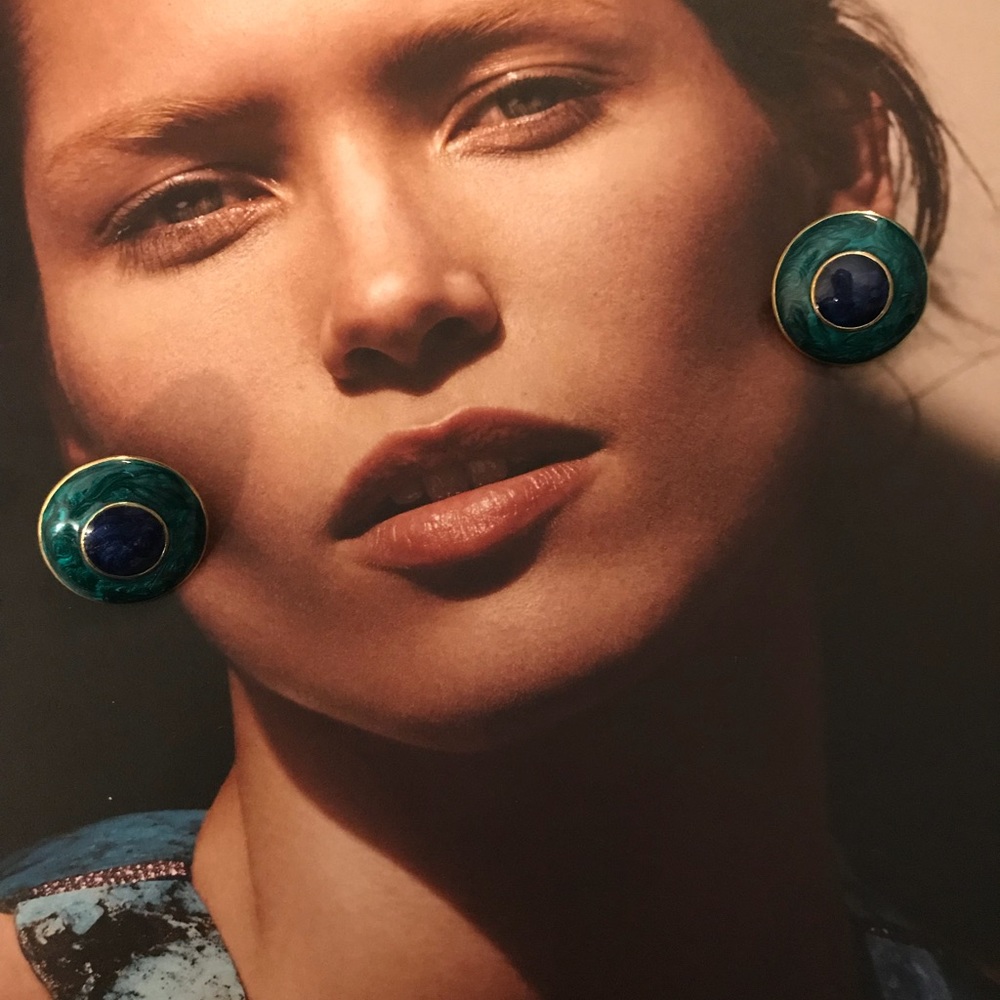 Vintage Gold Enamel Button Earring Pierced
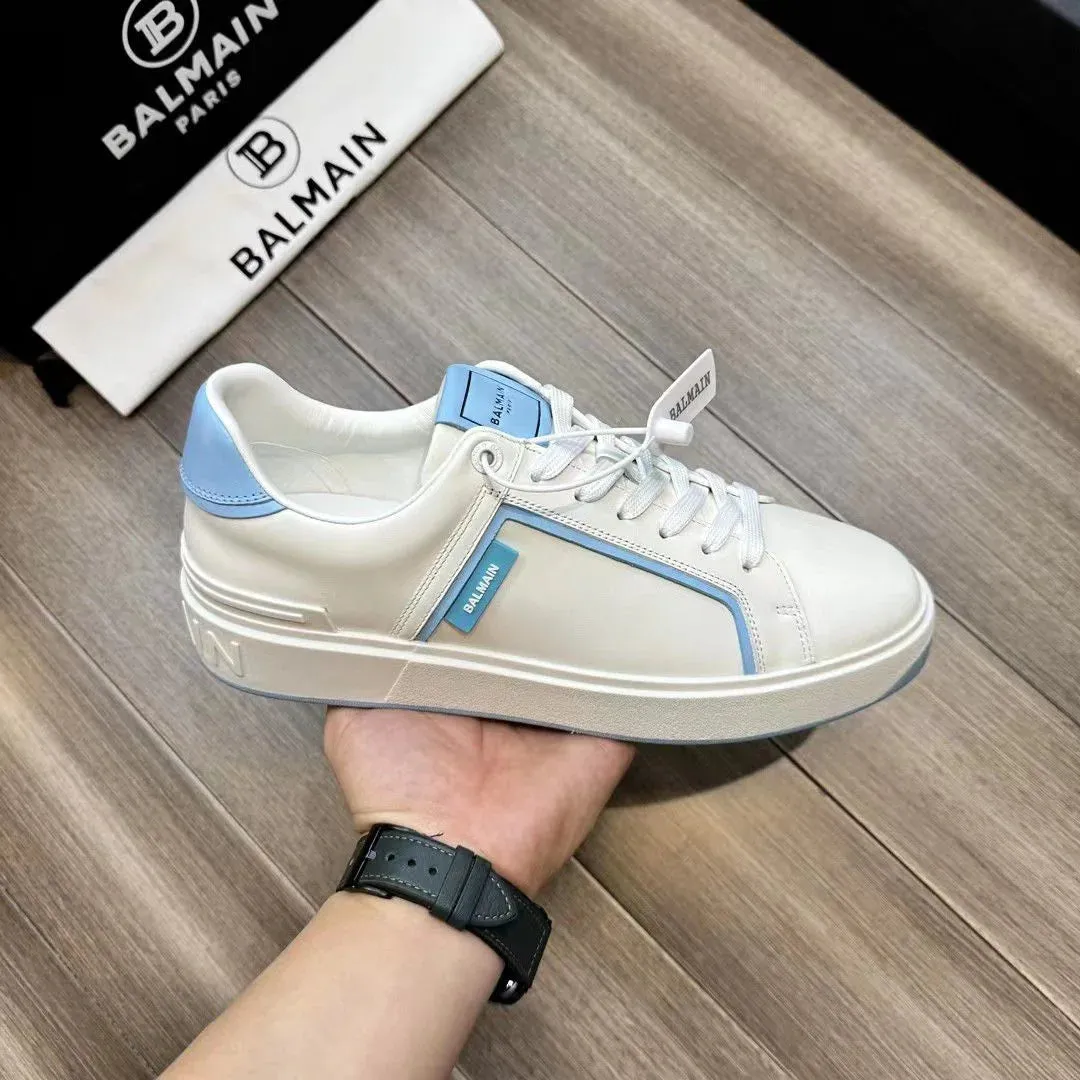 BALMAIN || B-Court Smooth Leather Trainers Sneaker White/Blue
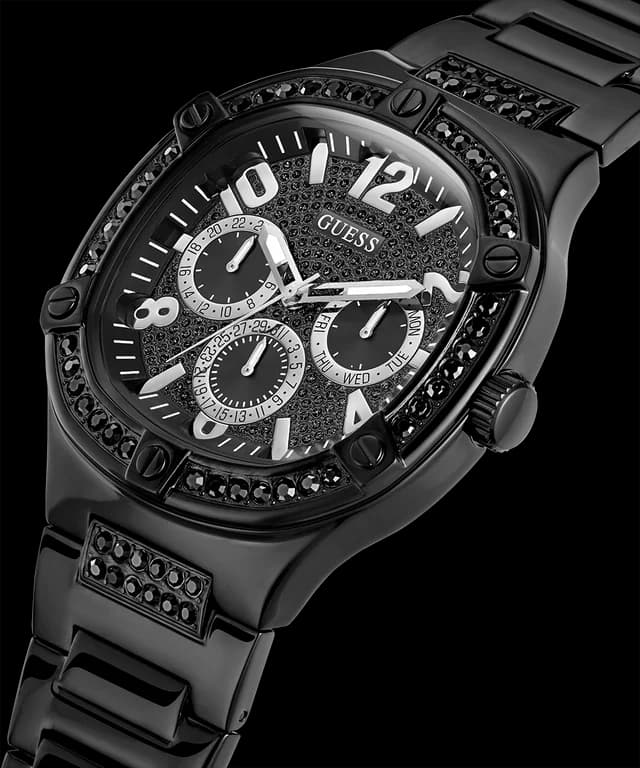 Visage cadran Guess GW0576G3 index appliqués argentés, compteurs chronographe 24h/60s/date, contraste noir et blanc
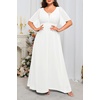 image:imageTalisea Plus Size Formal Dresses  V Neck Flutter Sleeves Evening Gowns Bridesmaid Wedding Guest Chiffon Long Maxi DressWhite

────────────────────────────────────────

# TASK GOAL
Which lines fall between the one containing "Visage cadran Guess" and the last line of the listing, both included? Give them again exactly, without the pictures.

# FINISHED TASK
 Visage cadran Guess GW0576G3 index appliqués argentés, compteurs chronographe 24h/60s/date, contraste noir et blanc
 image:imageTalisea Plus Size Formal Dresses  V Neck Flutter Sleeves Evening Gowns Bridesmaid Wedding Guest Chiffon Long Maxi DressWhite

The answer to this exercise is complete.